OP is a steaming pile.


#35

Absolutely, where I get irritated is when they act as though you are speaking in tongues then look at you like you’re an idiot when you don’t understand their specialized knowledge. (accounting, law, science, medicine, etc.) We all have areas of arcane knowledge and just need to respect one another’s area of expertise.


#36

What the hell did I just read? Snarking? Nerds? Wait, who are we hating now?
Sarah Jeong should write the screenplay for “two minutes of hate”


#37

“ut outside the walls of the courthouse, the elegant, perfectly manicured, proprietary walled gardens of Apple are beating the goddamn pants off Android.” Um… if this was written 10 years ago… I would believe it but considering this was written less than 10 days ago… um dafuq? Using what metric exactly?


#38

Nerd arrogance isn’t pretty. But MBA/JD/Oracle arrogance is much worse. The nerds need to win this one.


#39

Really! Both the OP and Sarah Jeong must have High School trauma from some chess club nerds. Nerd subculture is “completely alien”? “Silicon Valley’s hypocrisy and narcissism.” are you for real?

Oracle wants 9,000,000,000 dollars because Google used tech that Sun begged people to use. And used it in a way Sun execs say was perfectly reasonable.

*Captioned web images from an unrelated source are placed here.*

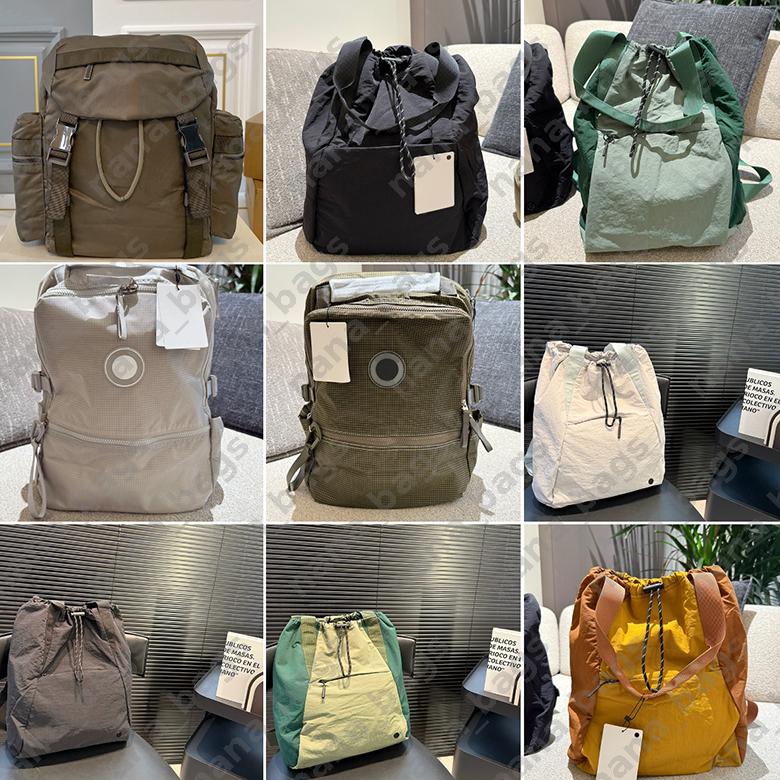 2025 Sports et sacs à dos de loisirs avec conception polyvalente pour hommes et femmes Sac à dos simple pour voyage en plein air de grande capaci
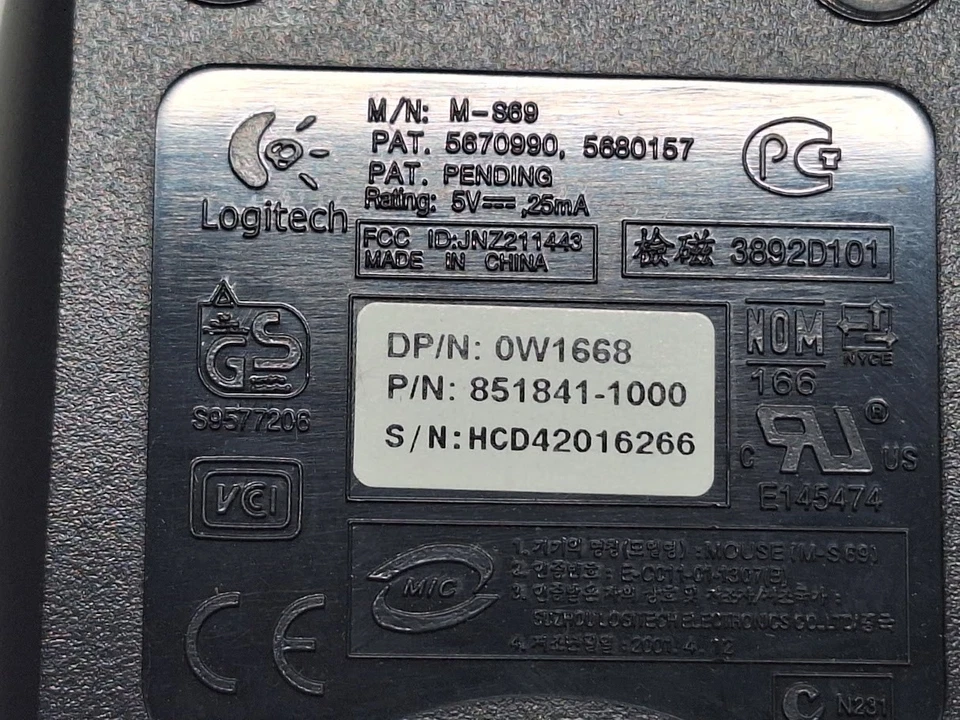 Vintage DELL M-S69 Black PS/2 Scroll Wheel Wired Ball Mouse - Image 4 of 4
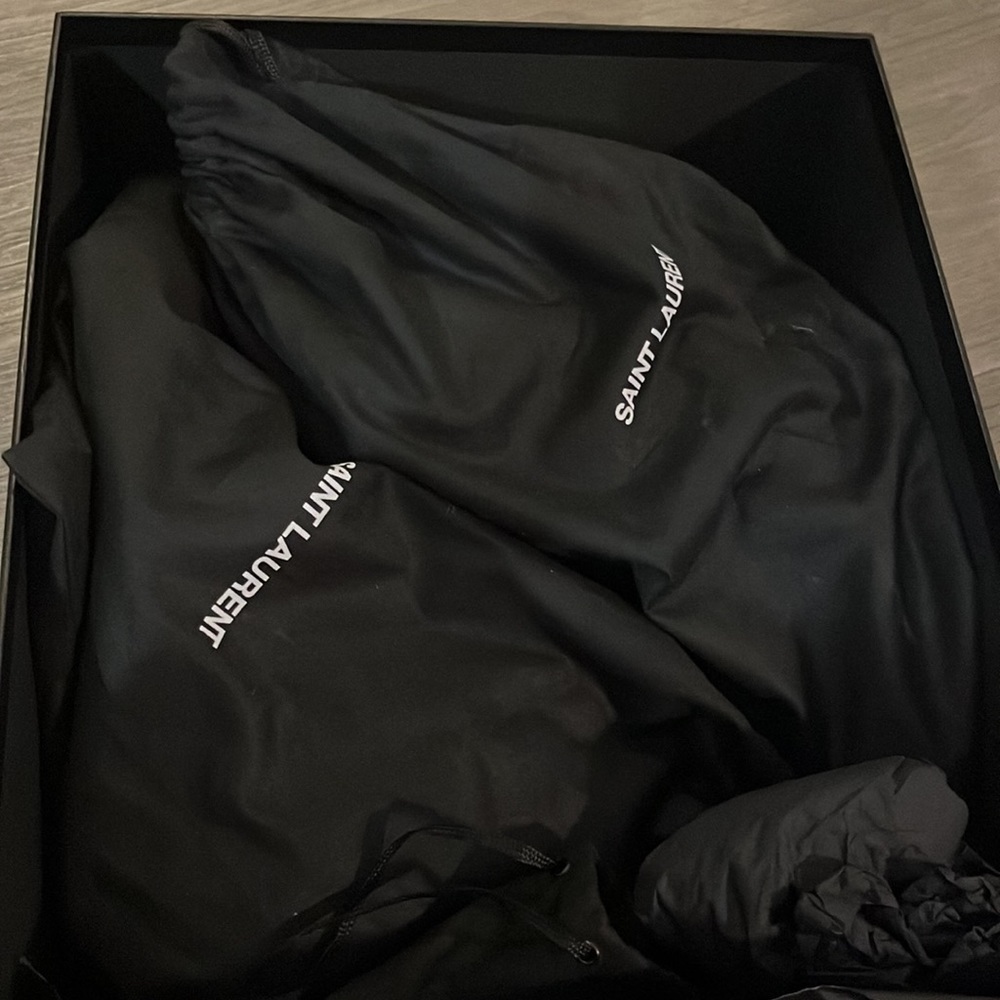 Saint Laurent (YSL) Chelsea Boots (Black) - Picture 3 of 9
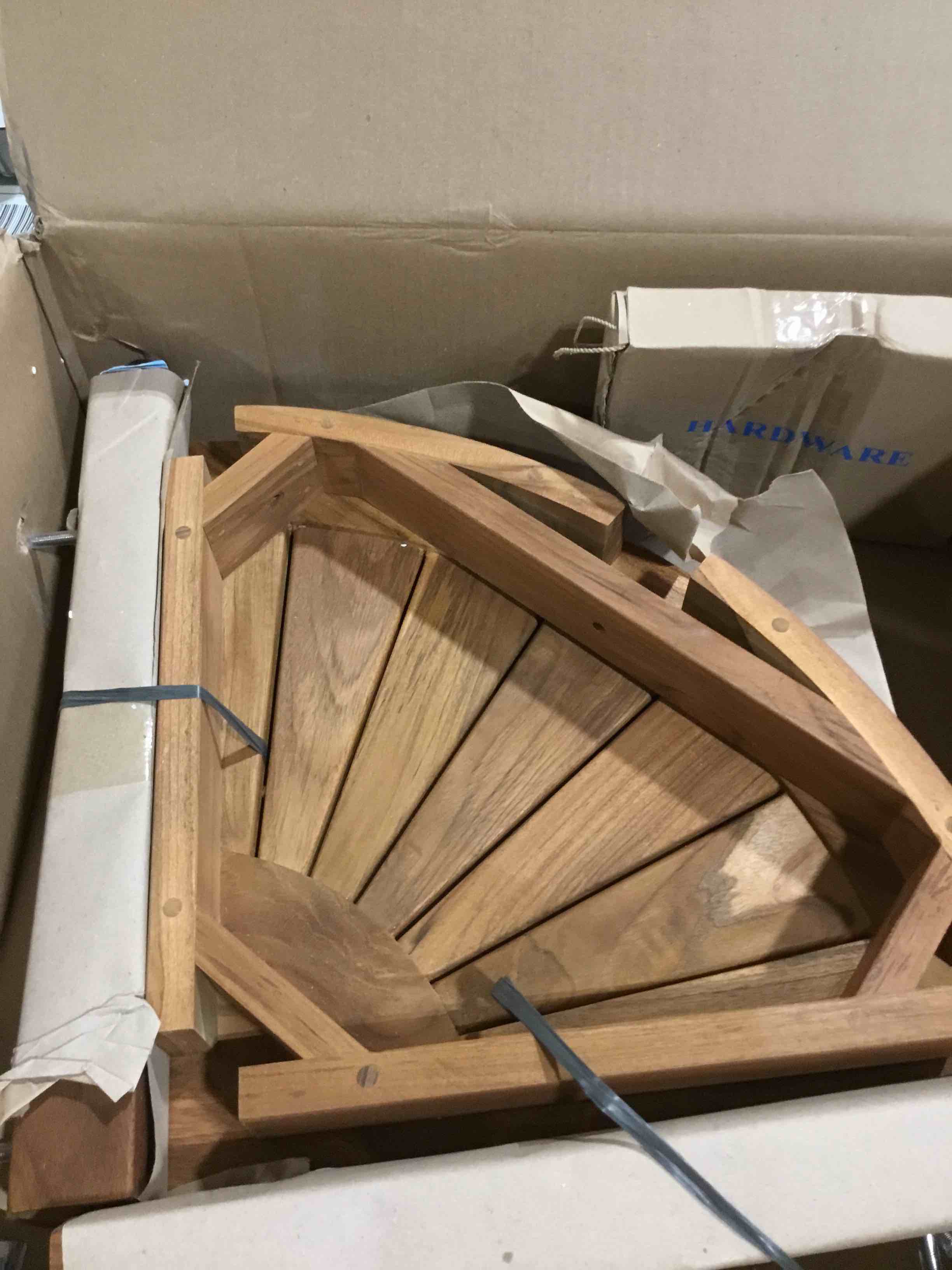 https://s3.amazonaws.com/lotting-images-prod/bidfta/TEA2802892_1750768423375.jpeg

Oracle wants to rewrite copyright law. Fair use is something that Sarah Jeong thinks is NERDS being jerks!

"Schwartz seemed less upset about being called one of the worst CEOs in America, and more put off by the sheer indignity of being cross-examined by a man who didn’t know what a blog is"
As he should be!

If Perez Hilton was on trial and a lawyer didn’t know who the Kardashians are, then yes you should be indignant to someone who spent no time preparing for this case.


#40

From the article:

“Movement to a few minutes of terse explanations, including what the acronym GNU stands for: GNU is Not Unix.
“The G part stands for GNU?” Alsup asked in disbelief.
“Yes,” said Schwartz on the stand.
“That doesn’t make any sense,” said the 71-year-old Clinton appointee.”

Of course it makes sense. GNU is just an arbitrary label being used to distinguish one system from another by counting. It’s a recursive acronym / algorithm. It’s an intellectual joke playing on nested sets and Russell’s set theory paradox. Can GNU include itself or not?

It’s basically like saying
PARSE_GNU = "GNU is Not Unix"
GNU = 0 ; NU = 1
PAST_GNU=GNU
GNU = GNU+NU
if PAST_GNU less than GNU print PARSE_GNU
else PAST_GNU

Another way of saying it would be “GNU is Not Unix Ever Forever No Exceptions [GNUEFNE],” except that’s not a very elegant formula, when you can explain the same thing iteratively.

But when you have to explain a joke, it’s not funny anymore, right? It’s like peeling away the layers of an onion and expecting to find an onion under the last peel. Unless cluelessness about geek humor is also part of the inside joke. I would have asked the judge if he understood the old Abbott and Costello baseball sketch, since that seems to be more his speed. Sheesh.


#41

I wonder how Cory would have spun this story. Probably with a link to EFF’s deep links blog.